Topic of the Month 2002年5月

5月のトピック
トレースについてもう一度考えてみよう


GWは楽しかったですか?
私に黄金週間ではなく、波乱週間でした。
「私の人生、いつも崖っぷちなんだよねぇ」と友だちに言うと、
「私もよー!」と誰もが言います。
類は友を呼ぶのか、それともみんな崖っぷちにいるのか・・・。



そこで前書きへ・・・
トレースと崖っぷちは全然関係無いんですが・・・
「トレースについてもう一度考えてみよう」の「もう一度」は、私にとっての「もう一度」です。いままで石けん作りをしてきて、「トレース命!」と思ったこともあれば、「トレースは必要ない。」と思ったこともあります。

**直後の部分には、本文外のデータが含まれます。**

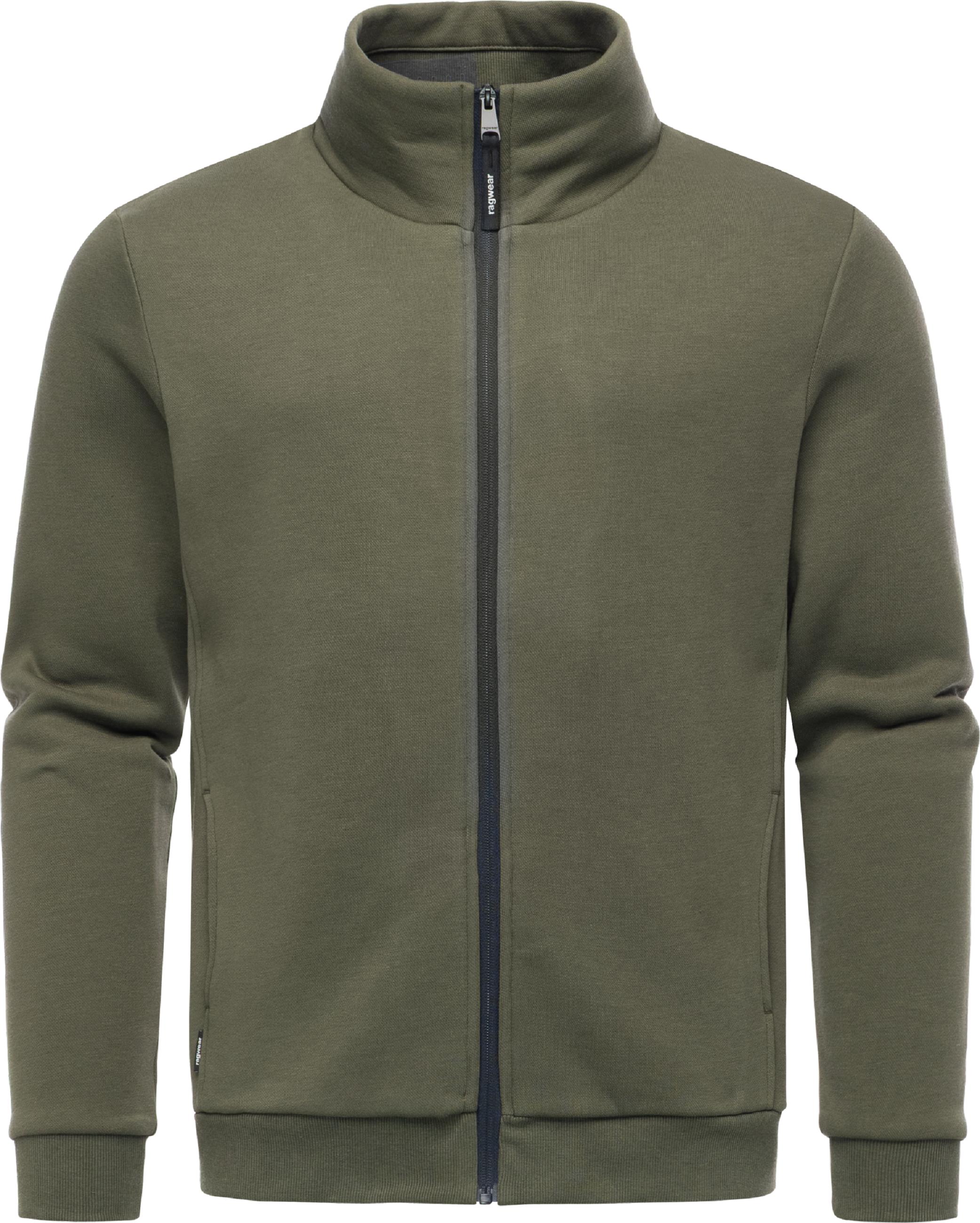 Sweatjacke mit hohem Kragen "Jettrys" Dark Olive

そして2002年5月現在の私のトレースについての考えを、余談を含めつつここにまとめてみました。


トレースとは?
トレース(trace) は名詞で「跡」という意味です。また跡を残すことから、動詞で「線を描く、線を引く」という意味もあります。泡立て器からしたたる石けん生地で、鍋の石けん生地の表面に線を描くと跡が残る状態を言います。
余談ですが、トレーシング・ペーパーのトレーシングとは、このトレースと同じ言葉です。
トレースが出た石けん生地はどんな感じ?
青豆のスープ、ボタージュスープ、マヨネーズ、中華あんかけ、カスタードソース・・・トレースの出た生地を表わす言葉はおいしそうなものばかり。石けん生地の表面に線を描ける状態と言っても、「結構さらり」から「かなりもったり」までその状態は様々です。どれが一番いいんでしょう?それは、ケースバイケースです。私は以下のように分けて考えています。
(注)一般論ではなく私の中でのカテゴリーです。どうぞ他の文献と混乱しませんようお願いします。
・さらりトレース 
トレースが軽く出る感じ。ライトトレースと言います。線を描くと1秒以内で消えてしまいます。光りの加減で線が見えたり見えなかったりします。オプションをしっかり混ぜ込みたいならば、この状態で入れておくといいでしょう。フレグランスオイルなど、生地を急にもったりさせるオプションは、ライトトレースで入れます。
・とろりトレース
ライトトレースよりもしっかりトレースが出ます。とろりとしていますが、もったりはしていません。線を描くと表面に線があるのがはっきりと見えますが、1~2秒くらいで消えます。私はこれを型入れのタイミングの目安にしています(私はだいたい1秒の方)。この段階で型入れをすると、流し込んだ石けん生地の表面がデコボコせず、きれいに平らに落ち着きます。ライトトレースでオプションを入れた後も、とろりとした状態まで撹拌しています。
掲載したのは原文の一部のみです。